Apakah aku harus merelakan situasi ini? Tetapi, ada baiknya, kan, jika aku mencobanya terlebih dahulu?

Aku pun menelpon polisi menggunakan ponselku terlebih dahulu.

Ya, nomorku benar-benar diblokir oleh polisi. Kekuatan ayah dan ibu sangat besar. Aku sangat terkagum-kagum.

Aku pun mencoba mengangkat pesawat telepon yang ada di ruang tamu. Dan... yang benar saja! Suara nuuuut~~ khas telepon saja tidak ada.

Benar-benar tidak ada tanda kehidupan di sini. Ayah dan ibu benar-benar mendapatkan spot yang bagus untuk menaruh korbannya. Polisi pasti akan mengira rumah ini hanyalah rumah yang sudah kosong selama sepuluh tahun lebih.
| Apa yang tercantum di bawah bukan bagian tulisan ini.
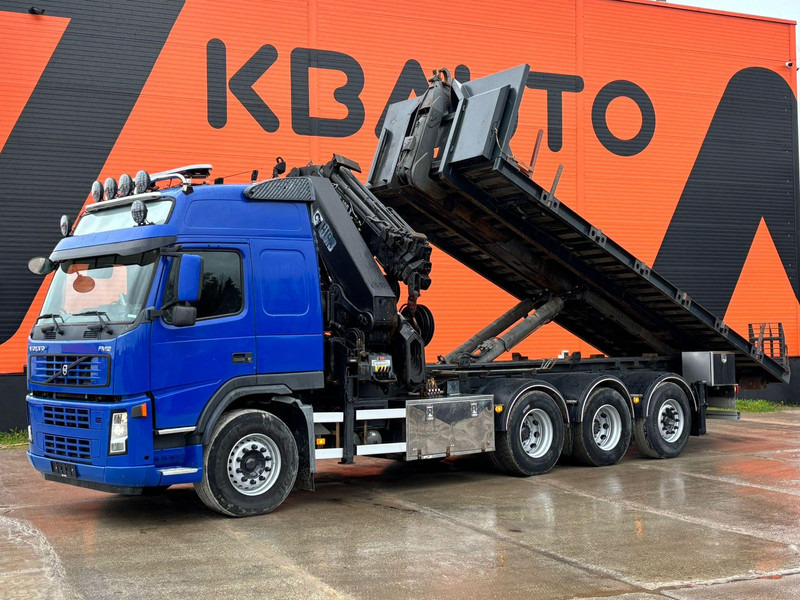 Volvo FM 12 460 8x4*4 HIAB 422 E-5 HIPRO+JIB / HOOK LIFT 20 ton / L=5600 mm / PLATFORM - Φορτηγό φόρτωσης γάντζου, Φορτηγό με γερανό: φωτογραφία 2 Volvo FM 12 460 8x4*4 HIAB 422 E-5 HIPRO+JIB / HOOK LIFT 20 ton / L=5600 mm / PLATFORM - Φορτηγό φόρτωσης γάντζου, Φορτηγό με γερανό: φωτογραφία 2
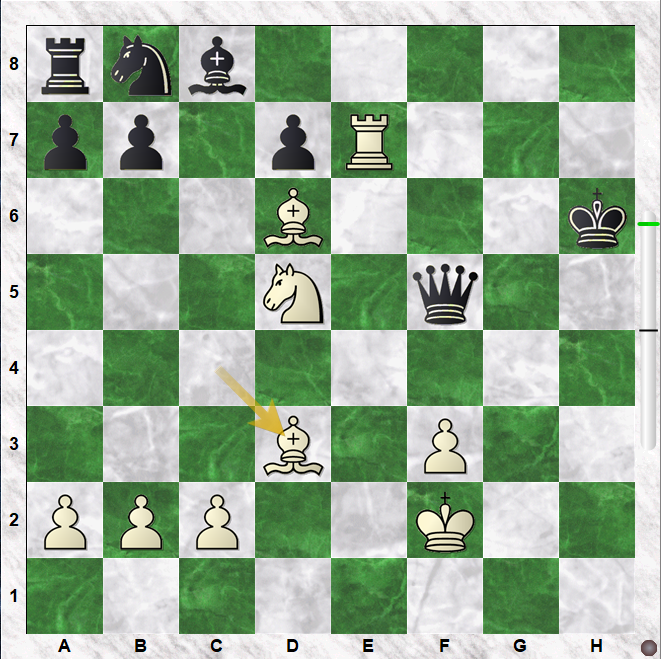 ход черных. Можно было мата избежать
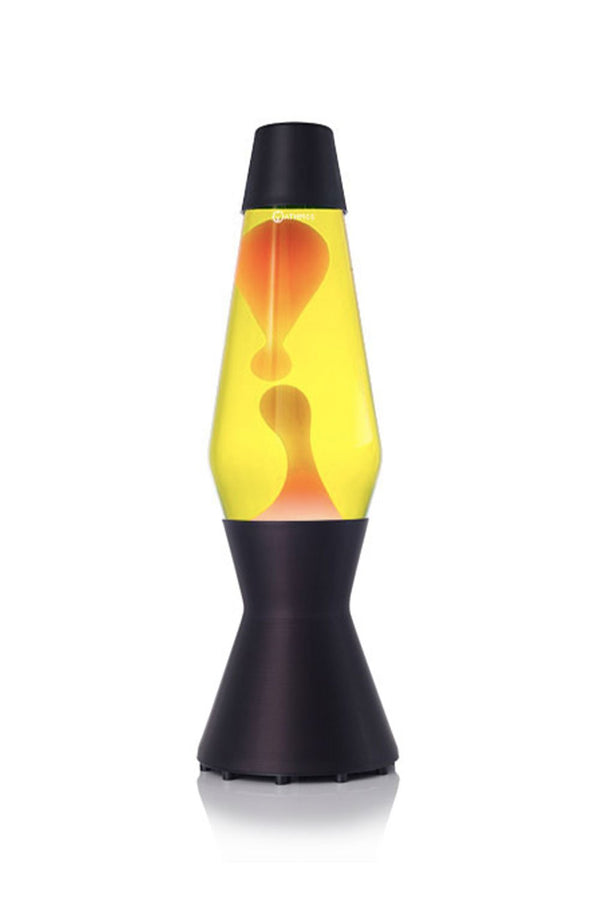 Lampe à lave 'Astro' Noir mat Jaune-Orange | MATHMOS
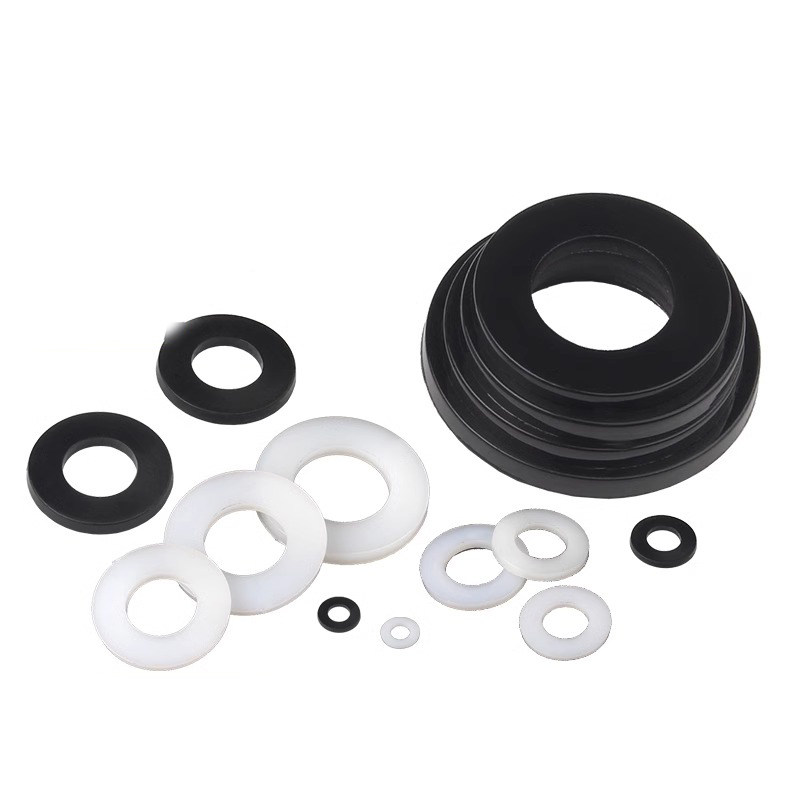 PA66尼龙/PVC白色/黑色平垫 塑料垫片塑胶隔离精密垫圈M2-M20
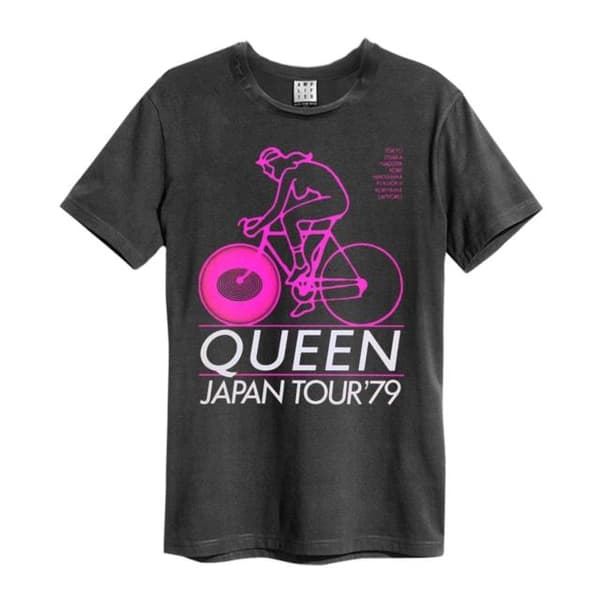 Queen: Japan Tour 79 Amplified Vintage Charcoal XX Large T Shirt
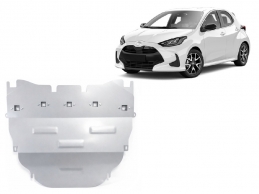 Aluminum sump guard for Toyota Yaris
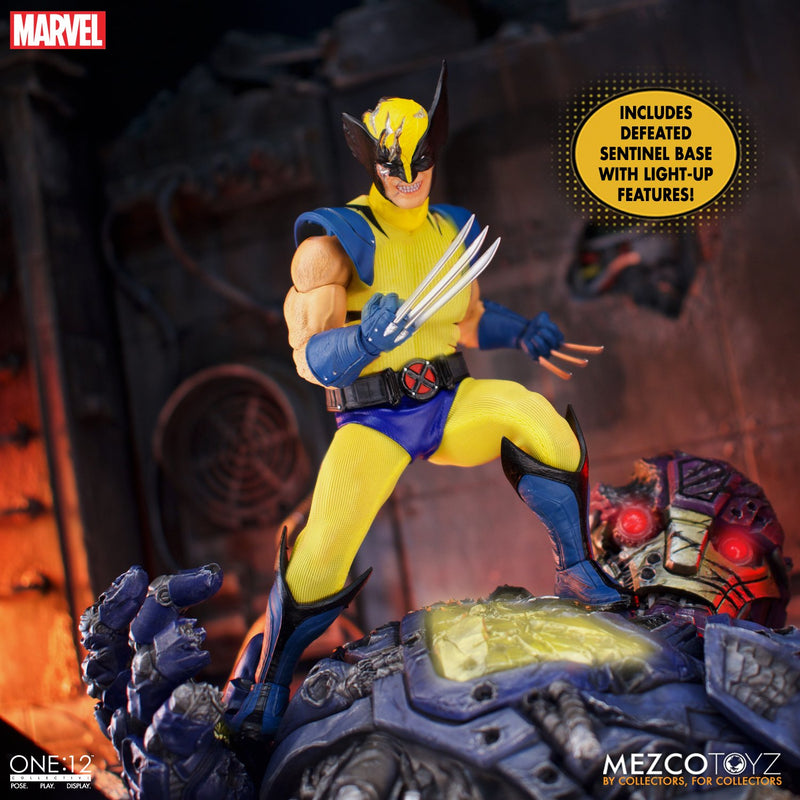(preorder ETA Nov ) Mezco ONE:12 WOLVERINE DELUXE STEEL BOX EDITION - Toy Snowman
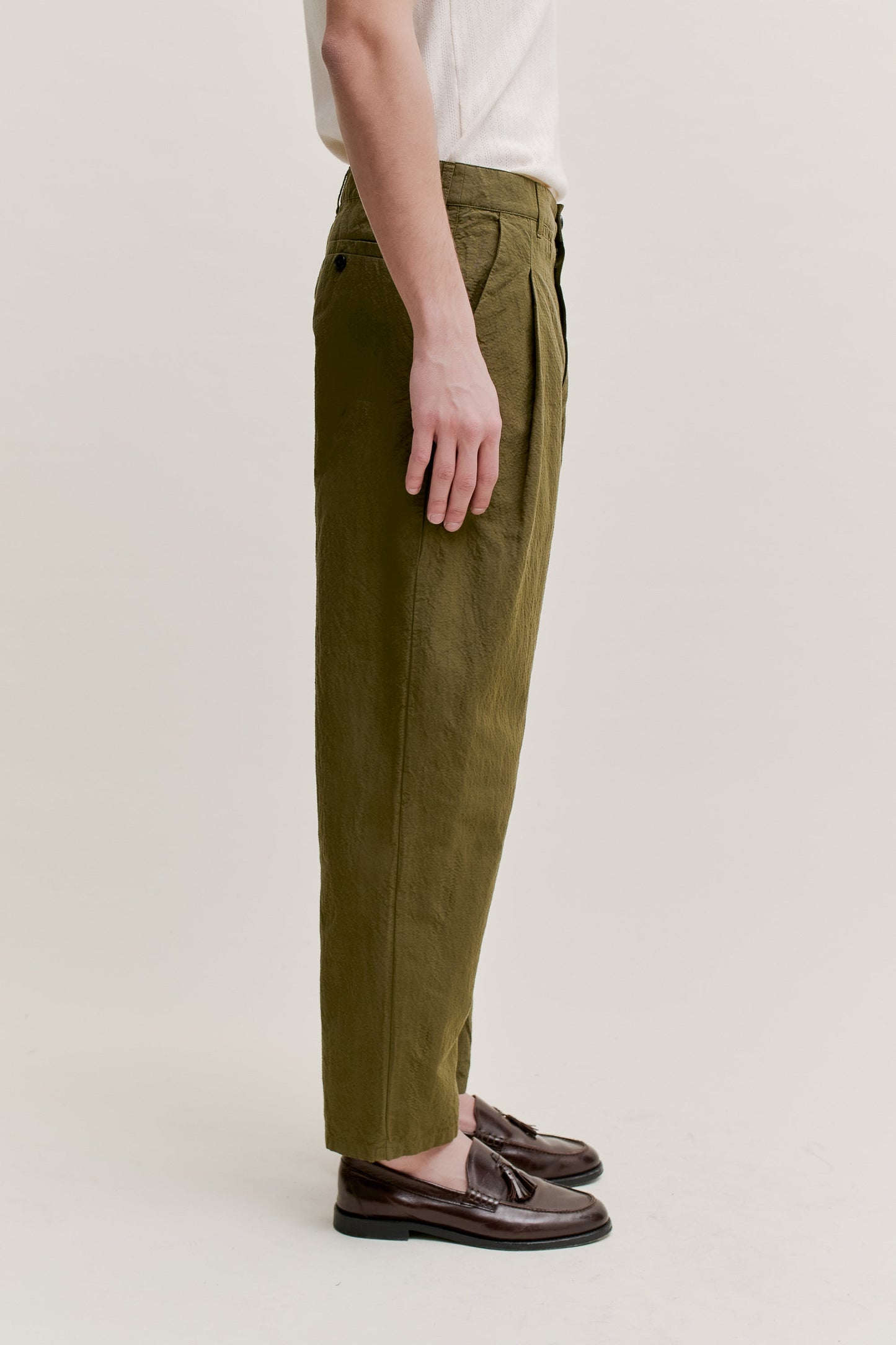 FOLDED WIDE TROUSERS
Mereka tidak akan mencurigai rumah ini.

Pada akhirnya, aku menyerah. Lagipula, jika aku ketahuan, mungkin aku akan disiksa lebih parah lagi.

***

¦¦Kamis, 10.29¦¦

Aku sudah sampai di depan unit apartemenku. Aku mengambil napas dalam-dalam lalu menekan bel unitku.
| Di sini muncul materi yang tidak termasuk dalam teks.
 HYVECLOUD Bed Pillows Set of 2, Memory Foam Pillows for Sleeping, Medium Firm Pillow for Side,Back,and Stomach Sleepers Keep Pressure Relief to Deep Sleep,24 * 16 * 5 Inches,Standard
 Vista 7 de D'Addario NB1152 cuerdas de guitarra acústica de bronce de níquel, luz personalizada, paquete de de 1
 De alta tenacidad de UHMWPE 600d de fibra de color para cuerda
Pintu unit dibuka dengan cepat. Aku bisa melihat wajah ibu yang terkejut melihat kedatanganku.

"Astaga, Kyla!" teriak ibu.

"Jangan berteriak, Bu," jawabku.

Ibu mengangguk lalu membawaku ke dalam unit.

"Ke mana saja kau semalam? Ayah dan ibu sangat khawatir!" ucap ibu.

Aku terkejut. Baru pertama kali orang tuaku khawatir tentang diriku. Reaksi mereka benar-benar di luar dugaan.

"Khawatir?" tanyaku.

"Iya, khawatir jika kau sudah dibunuh orang lain dan organmu sudah dijual lebih dulu olehnya," jawab ayah. "Untunglah kau masih hidup. Organmu hanya untuk ayah dan ibu, ya. Camkan itu!"

Aku tersenyum.

Mungkin akhir-akhir ini, aku banyak tersenyum.

Apakah aku masih bisa senyum untuk besok?